THE TASK ->
Below is a block of entries; repeat exactly the lines starting at the line that contains "50929 Stonebridge Dr, Granger, IN" and ending at the line that contains "Vibe, Maroochy Bridge Hotel", both included.

GIVEN RECORDS ->

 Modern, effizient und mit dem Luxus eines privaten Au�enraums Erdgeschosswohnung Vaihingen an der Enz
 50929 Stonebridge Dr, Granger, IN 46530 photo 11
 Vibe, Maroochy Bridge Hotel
--
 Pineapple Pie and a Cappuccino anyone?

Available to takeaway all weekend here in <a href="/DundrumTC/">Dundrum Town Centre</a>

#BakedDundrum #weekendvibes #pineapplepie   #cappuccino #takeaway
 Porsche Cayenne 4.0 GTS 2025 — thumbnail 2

RESULT FOR THIS EXERCISE ->
 50929 Stonebridge Dr, Granger, IN 46530 photo 11
 Vibe, Maroochy Bridge Hotel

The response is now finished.